SÃO PAULO, BRAZIL – The United States Ambassador to Brazil, Thomas Shannon, was summoned on Monday to a meeting with Brazil’s Communications Minister Paulo Bernardo over allegations that the United States’ National Security Agency (NSA) monitored millions of emails and telephone calls made in Brazil over the past decade. 

Rousseff Vows Action on U.S. Spying, Rio de Janeiro, Brazil News
Brazilian President Dilma Rousseff said the allegations could amount to a violation of sovereignty and human rights, photo by Fabio Rodrigues Pozzebom/ABr.

Shannon is reported to have denied the allegations, but Bernardo said he was “in no doubt” that Brazilian citizens and institutions had been targeted by U.S. surveillance programs.

Speaking to reporters after the meeting, Shannon said the U.S. surveillance program “had not been presented correctly,” without elaborating on his comment.

Other than the ambassador’s brief comments today, the U.S. has said only that it would discuss the matter through official channels.

President Dilma Rousseff has demanded an investigation and said that, if true, the allegations could amount to violation of sovereignty and human rights and would raise the issue with the United Nations.

The allegations were originally published on Sunday in O Globo newspaper on the basis of information allegedly compiled by former NSA contractor Edward Snowden, who is currently on the run from the U.S. authorities and seeking political asylum. Offers have already been made by Venezuela, Bolivia and Nicaragua – all fierce critics of U.S. policy.

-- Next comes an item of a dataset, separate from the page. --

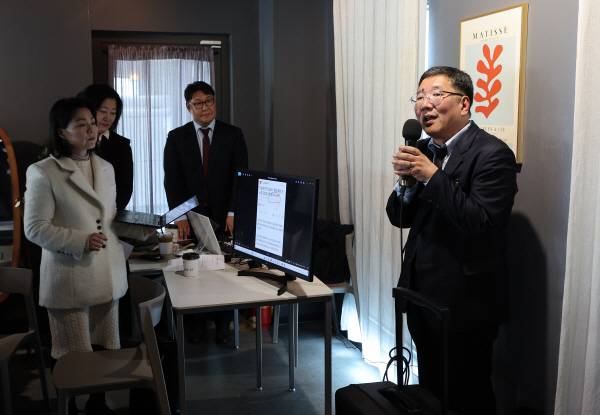 ▲지난 3월 서울서부지법 난동 사태에 가담한 혐의로 재판에 넘겨진 피고인들의 변호인단 임응수 변호사(오른쪽)가 기자회견을 하고 있다. ⓒ연합뉴스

The Federal Police and Anatel, Brazil’s telecommunications regulator, have been asked to investigate the circumstances involving the alleged monitoring and whether it happened with the support of any companies operating in Brazil.

Thomas Shannon is set to leave the position as U.S. Ambassador to Brazil later this year, most likely after President Dilma Rousseff has made a rare state visit to the United States – the first official visit by a Brazilian leader in nearly twenty years.

Reports of U.S. spying on its European allies has caused tension between European nations and the U.S. in recent weeks as well.

Read more (in Portuguese).

* The Rio Times Daily Updates feature is offered to help keep you up-to-date with important news as it happens.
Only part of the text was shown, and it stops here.